No one needed to tell that to Tom Johnson. The L.A. fireman became the National K-1 Wildwater Champion the same year The Graduate came out. Six years later, his rotomolded plastic Hollowform kayak turned paddling on its head as surely as Mrs. Robinson did poor Benjamin.

“Twenty years earlier, I’d predicted that someday there’d be a material we could smear inside a mold to create a one-piece boat,” says Johnson, now 91 and living in Kernville, Cali.

Ever the tinkerer, Johnson had already built the world’s first fiberglass canoe in 1942 (“I won’t brag about that,” he says). Later, he helped develop the first foam-filled fiberglass gunstock. Remembering his role in that project, colleague Don Carmichael called him for help with a project by trash can manufacturer Hollowform in Tennessee.

Johnson was on his way to Europe to coach the U.S. slalom team. He stopped in Tennessee and shared some ideas with Carmichael. When he got home to Kernville, a mold for a plastic kayak was waiting for him. Recognizing that the shape “was the wrong type of kayak,” he carved a new mold for the River Chaser, adhering to International Canoe Federation specifications. The result: a 13-foot-long, canary-yellow kayak that revolutionized the sport.

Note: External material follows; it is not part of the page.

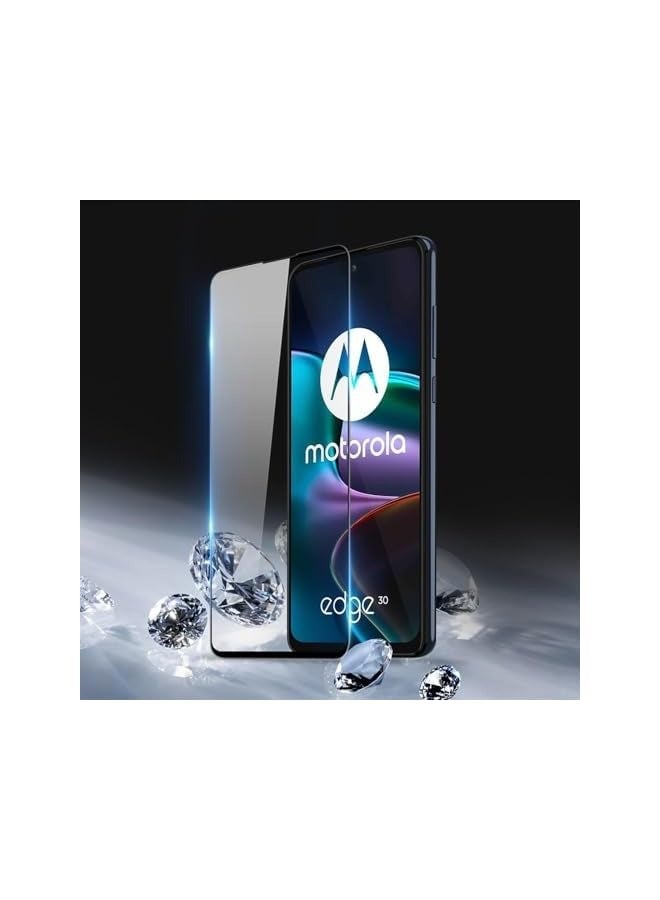 PROMASS 10D Tempered Glass Screen Protector, Designed for Moto Edge 30, Medium Alumina Glass Film Full Glue HD Clear Phone Screen Protector - Black (1-Pack) - Image 4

Though quick to credit Hollowform’s Elmer Good for masterminding the kayak’s Zylar cross-linked polyethylene, Johnson isn’t bashful about how it affected boating. “I knew it would take off,” says Johnson, who put it through its rock-pounding paces on his hometown Kern River. “I knew it was going to change the entire world of paddling.”

Indeed, former U.S. Team member Eric Evans quickly embarked on an around-the-world Odyssey with the trend-setting kayaks, taking them from South America to the Alps. An old video clip even shows him running over it with a Jeep and watching it pop back into shape. Expert paddlers, meanwhile, used it to open up new routes everywhere, bidding goodbye to the days of patching fiberglass. “It let you go into holes and get shot into the air, like today’s hot dog boats, without worrying about hitting the rock at the bottom,” says Johnson.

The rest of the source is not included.